##### Records for this exercise #####

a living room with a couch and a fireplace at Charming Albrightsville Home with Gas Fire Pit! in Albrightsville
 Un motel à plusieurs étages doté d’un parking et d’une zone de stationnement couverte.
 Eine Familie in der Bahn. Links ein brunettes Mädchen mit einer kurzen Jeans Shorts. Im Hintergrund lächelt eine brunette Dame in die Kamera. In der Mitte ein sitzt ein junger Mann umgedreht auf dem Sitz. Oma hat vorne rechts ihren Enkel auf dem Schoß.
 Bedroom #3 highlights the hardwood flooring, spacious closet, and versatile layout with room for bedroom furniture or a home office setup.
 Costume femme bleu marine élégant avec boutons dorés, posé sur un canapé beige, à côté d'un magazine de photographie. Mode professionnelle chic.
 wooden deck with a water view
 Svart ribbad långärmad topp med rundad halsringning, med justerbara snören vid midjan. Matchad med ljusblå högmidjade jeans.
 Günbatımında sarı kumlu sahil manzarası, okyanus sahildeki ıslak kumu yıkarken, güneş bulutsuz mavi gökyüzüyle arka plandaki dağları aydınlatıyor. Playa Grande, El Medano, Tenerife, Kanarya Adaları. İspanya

#####

Every record above must appear again in the answer, unchanged.

a living room with a couch and a fireplace at Charming Albrightsville Home with Gas Fire Pit! in Albrightsville
 Un motel à plusieurs étages doté d’un parking et d’une zone de stationnement couverte.
 Eine Familie in der Bahn. Links ein brunettes Mädchen mit einer kurzen Jeans Shorts. Im Hintergrund lächelt eine brunette Dame in die Kamera. In der Mitte ein sitzt ein junger Mann umgedreht auf dem Sitz. Oma hat vorne rechts ihren Enkel auf dem Schoß.
 Bedroom #3 highlights the hardwood flooring, spacious closet, and versatile layout with room for bedroom furniture or a home office setup.
 Costume femme bleu marine élégant avec boutons dorés, posé sur un canapé beige, à côté d'un magazine de photographie. Mode professionnelle chic.
 wooden deck with a water view
 Svart ribbad långärmad topp med rundad halsringning, med justerbara snören vid midjan. Matchad med ljusblå högmidjade jeans.
 Günbatımında sarı kumlu sahil manzarası, okyanus sahildeki ıslak kumu yıkarken, güneş bulutsuz mavi gökyüzüyle arka plandaki dağları aydınlatıyor. Playa Grande, El Medano, Tenerife, Kanarya Adaları. İspanya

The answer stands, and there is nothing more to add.